Law enforcement agents in Southern California have recovered stolen trademarked plastic products with a value of $5 million over four months.
“And we are just scratching the surface” of a problem having national implications, Sgt. Nabeel Mitry, supervisor of the plastic industrial theft task force of the Los Angeles County Sheriff's Department, said in an interview.
Typically, grocery stores leave trademarked plastic pallets, milk crates, baskets, totes and trays on loading docks for vendors to pick up and return.
“Scavengers steal [plastics] from the back of the grocery stores and can fill up a box truck in a couple of hours,” Mitry said. “They take the material to a grinder where it is chopped into pieces, loaded in 2,000-pound gaylord bags and then sold to manufacturers of plastic products.”
City of Industry, Calif., Mayor David Perez said he heartily approves of the deterrence program and noted that Alta Dena Certified Dairy, Coca-Cola Co. and some pallet companies are among the victims.
City of Industry's council authorized a pilot program in mid-2011 with two deputies and allocated $1.5 million for a one-year trial program that began Sept. 1. As supervisor, Mitry has access to four deputies. Separately, the city contracts with the county for its police services.
Among their duties, task force members also conduct checks of recycling companies for compliance with the state's business and professions code.
The task force has terminated six large illegal plastic grinding operations, inspected more than 100 businesses and arrested at least seven people on felony charges of possession of stolen property and illegal possession of trademarked plastic products.
In one case, the task force confiscated stolen pallets worth $2 million at a rented warehouse in Compton, Calif., and found 650 marijuana plants being grown on the second floor. “They were grinding enough [plastics] to fill 10 gaylords a day, about 20,000 pounds, with which they were making about $20,000 a day,” Mitry said.

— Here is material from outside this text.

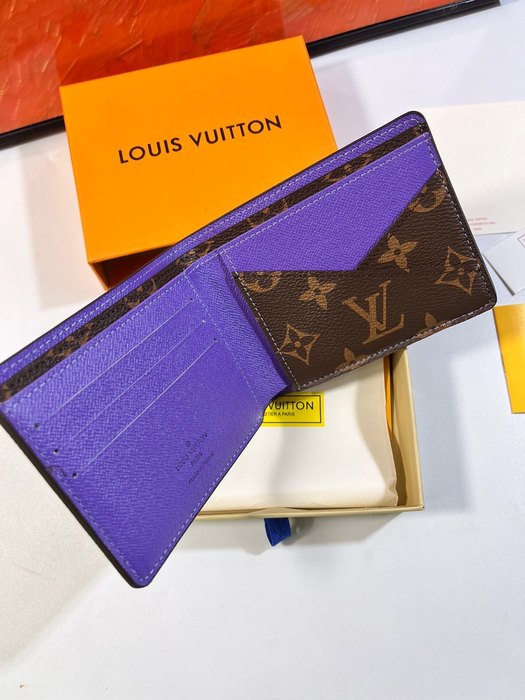 Wallet Louis Vuitton Monogram Canvas Bi fold Wallet Brown Size 11.5x9x1.5cm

Mitry said the U.S. Postal Service spends about $40 million annually to manufacture pallets at $70 each and, “of that, 75 percent is stolen.”

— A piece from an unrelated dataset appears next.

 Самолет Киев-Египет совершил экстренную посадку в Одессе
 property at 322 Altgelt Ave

The task force is working with the USPS in seeking a federal indictment against one individual and asking for Internal Revenue Service assistance in the possible seizure of property and assets of several suspects.
Mitry disclosed details about two cases in southeast Los Angeles.
On Jan. 10, the task force arrested owner Regelio Casimiro, 50, and three employees of R and P Industries for possession of stolen property and illegal possession of trademarked property. The site had stacks of stolen intact trademarked plastic pallets, crates, totes and bread baskets. In addition, the team found an industrial-type plastics-grinding machine and 60 gaylord bags that were filled with plastic grind.
On Dec. 19, the task force arrested Juan Manuel Arellano, 43, president of New Horizon Plastics Inc., and two employees after recovering pallets and crates belonging to Trader Joe's Co., Anheuser-Busch InBev NV, Domino's Pizza Inc., Kroger Co. subsidiary Ralphs supermarkets, Safeway Inc. division Vons Co Inc. grocery stores and USPS at two New Horizon locations.
Pallet pooling-system operator iGPS Co. LLC of Orlando, Fla., said it owned some of the pallets at New Horizon.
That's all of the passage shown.